* _Source data_
-------------------------

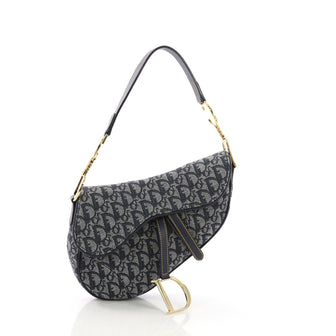 Christian Dior Vintage Saddle Bag Diorissimo Canvas Medium 3911822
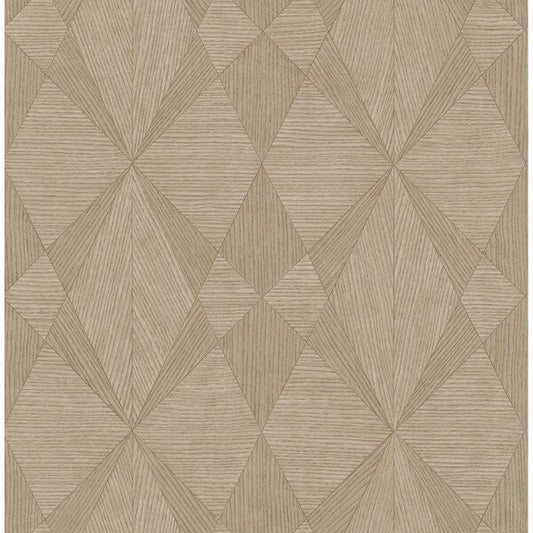 Intrinsic Light Brown Geometric Wood Wallpaper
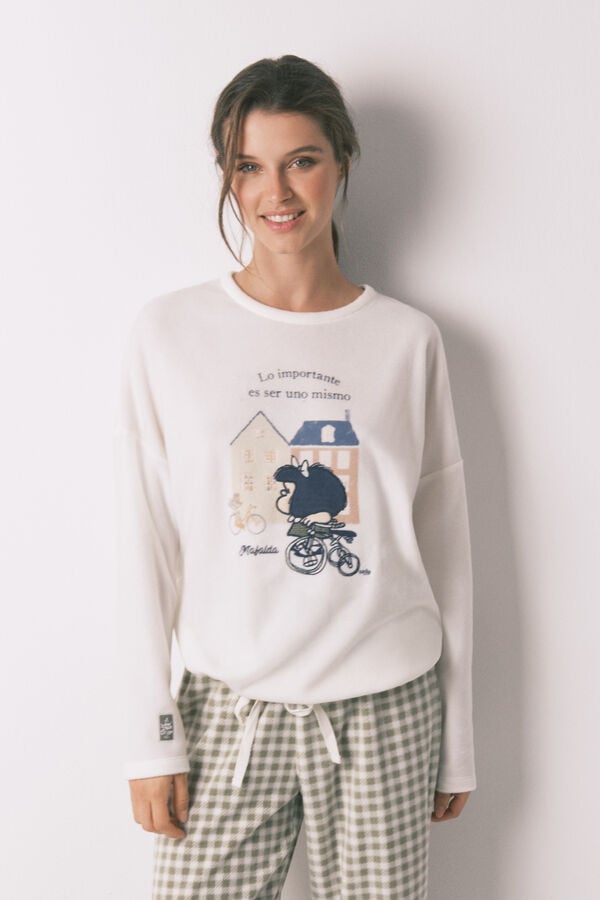 Womensecret Pijama larga largo Mafalda de forro polar con cuadros vichy marfil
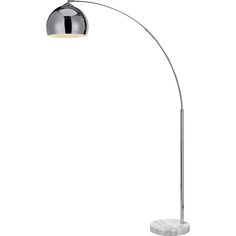 a chrome floor lamp with a marble base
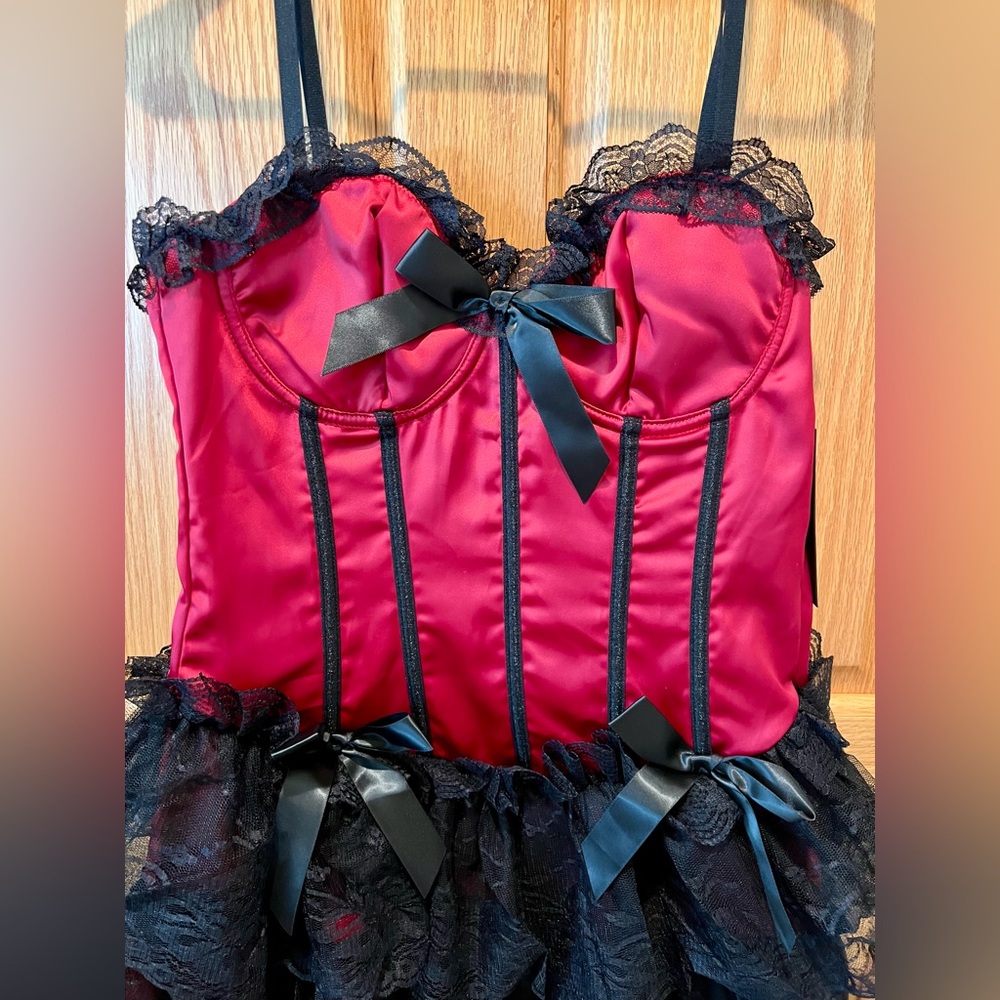NWT Dolls Kill Widow When Night Comes Mini dress Satin Bodice Tiered Mini Lace - Picture 2 of 14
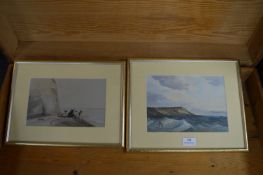 Two Framed Coastal Watercolours by Louisa & Charlotte Holt circa 1840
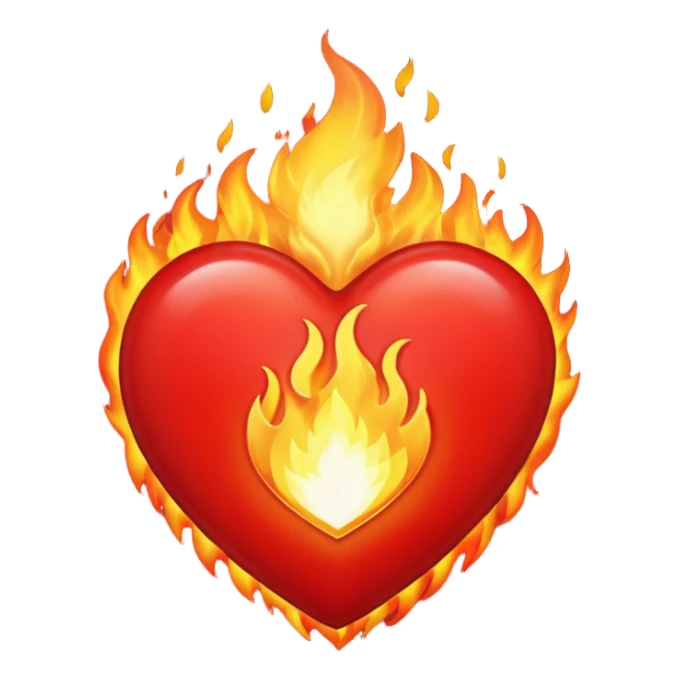 Burning heart love sticker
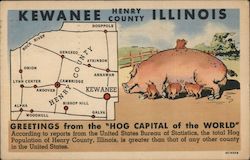 Hog Capital of the World Kewanee, IL Postcard Postcard Postcard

-------------------------

* _Problem to work on_
Leaving out the pictures, restate each line of the listing above verbatim, from the opening line to the line bearing "a chrome floor lamp with a marble base", inclusive, and no more.

* _Output of the exercise_
 Christian Dior Vintage Saddle Bag Diorissimo Canvas Medium 3911822
 Intrinsic Light Brown Geometric Wood Wallpaper
 Womensecret Pijama larga largo Mafalda de forro polar con cuadros vichy marfil
 a chrome floor lamp with a marble base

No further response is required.